After their next rave is broken up by some form of military police (Like so many of Sirât’s mysteries, who or what they are is kept ambiguous), the ravers from the previous party offer to bring Luis and Esteban to another rumoured rave further south in Mauritania. These party boys and girls, including Richard Bellamy’s one-armed Bigui and Jade Oukid’s pierced and robed Jade, have offered to help someone in need, and now they have to see if they can pass the tests that result. The increasing hardships that await this group on the trek south spin Sirât off from a sweet tale of people coming together into full-on psychodrama, complete with screaming, blood loss and threats against dogs. Buckle in.

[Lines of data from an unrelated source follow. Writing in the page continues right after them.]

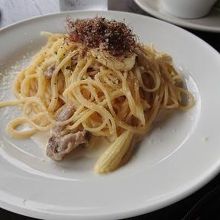 牛すじの煮込みとヤングコーンのクリームパスタ
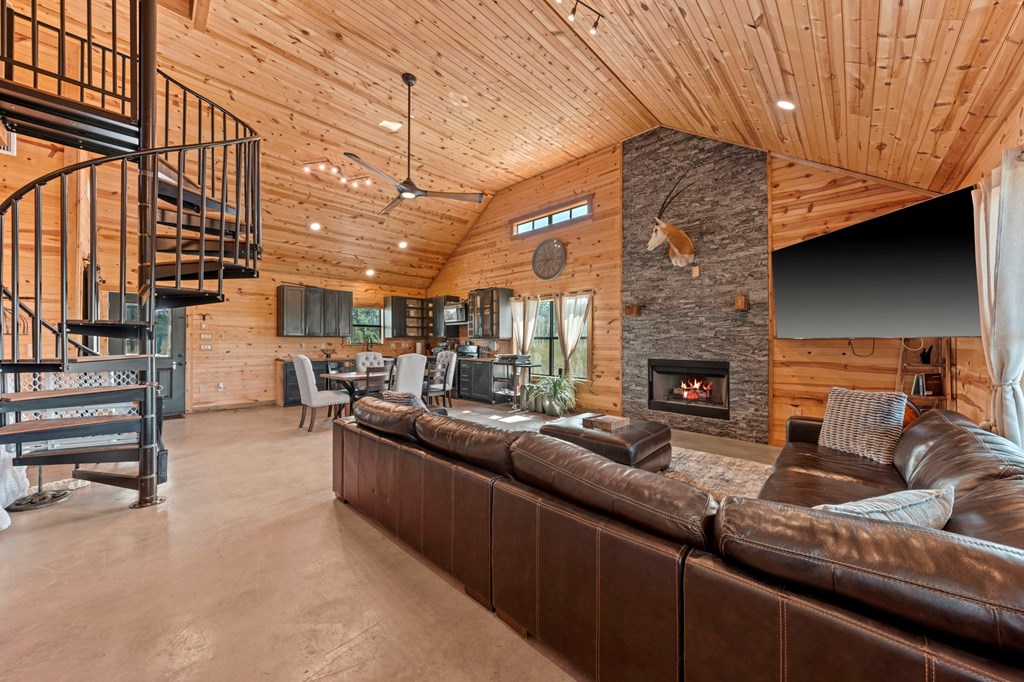 12995 Hackberry Road Rocksprings, TX 78880 - Photo 28 of 45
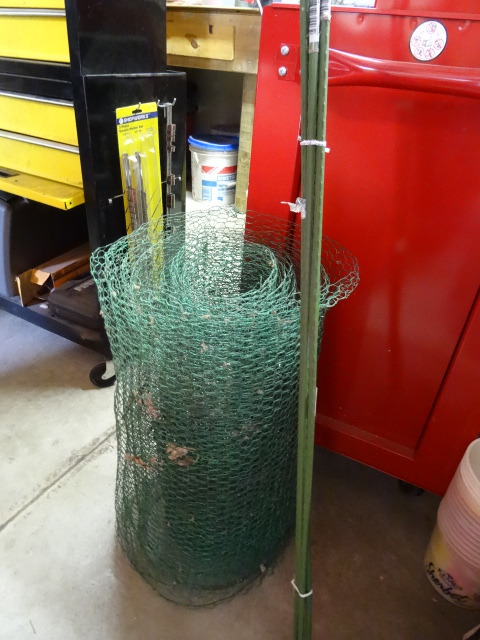 lot 106 image: Compost Fence With Stakes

Laxe put together a similar dynamic with caravaneers walking a similar part of the world in his 2016 feature Mimosas. The characters in that film exercised caution as they were escorting a corpse, and feared the mountains’ wrath for their desecration. The revellers of Sirât know no such inhibitions, ignoring the omens that Laxe and Santiago Fillol’s script puts in their way. From a river they can barely cross to a remote petrol station running dry, the fates are forever urging them to turn back. The locations are a mix of sandy wastes and rocky slopes, offering no shelter or shade.
Sirât offers similar warnings to the viewer. The film opens with a rave being set up by a gang of burly sweaty men. The camera lingers over the speakers they’ve erected, as pounding techno beats slowly rise, as if emerging from the belly of the earth. From the hedonism of the ravers to the lingering unease radiating from the mountaintops, Sirât’s energy is raw, almost primeval. Laxe’s omniscient direction and DoP Mauro Herce’s parched images are full of force, but it’s never haphazard. Temperatures, tensions and body counts rise, and they were doomed to do so from the start. Drone shots let us know that someone up above might be directing this foolhardy quest.

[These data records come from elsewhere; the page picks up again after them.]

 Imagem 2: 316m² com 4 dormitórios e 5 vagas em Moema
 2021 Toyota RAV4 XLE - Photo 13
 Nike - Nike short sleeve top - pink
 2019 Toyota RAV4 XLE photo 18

To say much more about the ongoing search for Luis’ daughter risks spoiling some surprises but, past a certain point, she threatens to become a Maguffin. She is the destination, but Sirât is about the journey. The audience is right there with the characters, through the potential ennui of long days, to the unbearable unease of a final act that sees our unlikely caravan make a wrong turn into a man-made hell. As the time passes, the characters are forced to embrace the lunacy as they get stuck in a sandy rut. Jade puts on music and dances, her robe flowing in the wind. Her moves call to mind the nightmarish colour-sapped images of E. Elias Merhige’s Begotten, another film that reckoned with the Almighty and found he was not pleased.

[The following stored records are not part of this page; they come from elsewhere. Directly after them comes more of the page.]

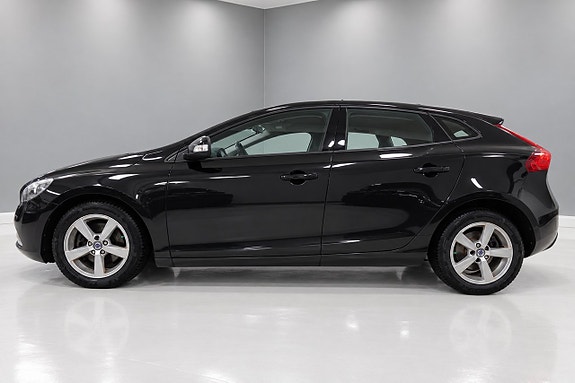 Volvo V40 3 of 11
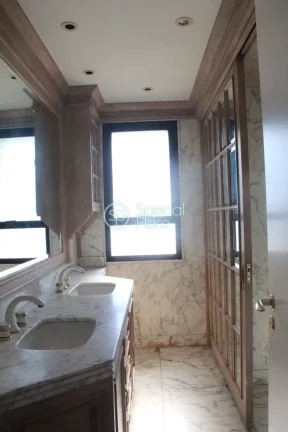 Imagem Cobertura tríplex com 342m², composta por living com terraço, mármore Italiano em toda a área s...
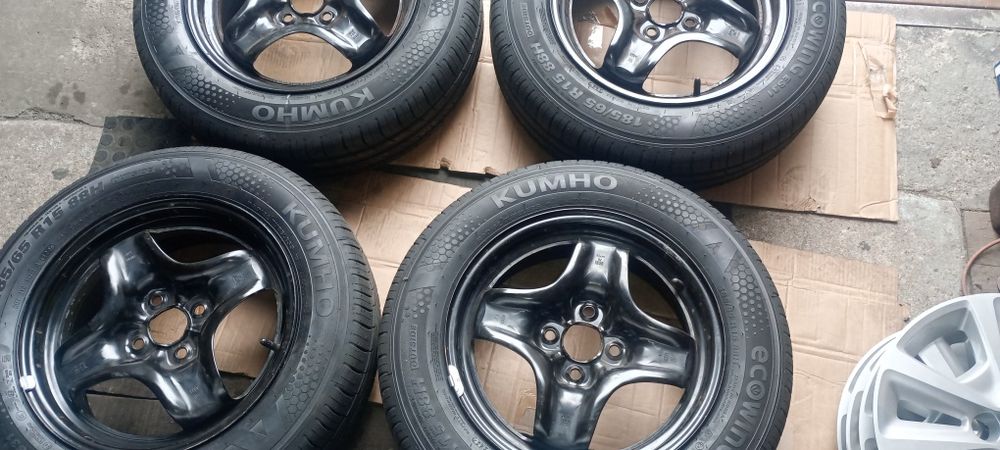 Koła strukturalne nowe opony kumho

Sirât is a lot less pretentious than Begotten, but it is just as concerned with the corruption of the soul and the presence (or absence) of God. It just happens to have a thumping EDM soundtrack, set in a landscape where life is barely possible. Laxe knows van der Rohe’s maxim is true: God is in the details. You can’t take your eyes off Sirât for a moment; you just might miss something important.
Sirât: Movie Plot & Recap
Synopsis:
A father brings his young son to look for his daughter at a desert rave, but the journey takes many unexpected and extremely dangerous turns.
Pros:
- Masterful writing and direction from Laxe, with the energy of the plot hiding deeper thematic concerns
- A charismatic cast of memorable character
- A final act that’s among the most tense sequences in any film this year
Cons:
- Some may question if it’s nihilistic, with some moments that lapse into profound misery
Sirât premiered at the Cannes Film Festival in competition on May 16, 2025.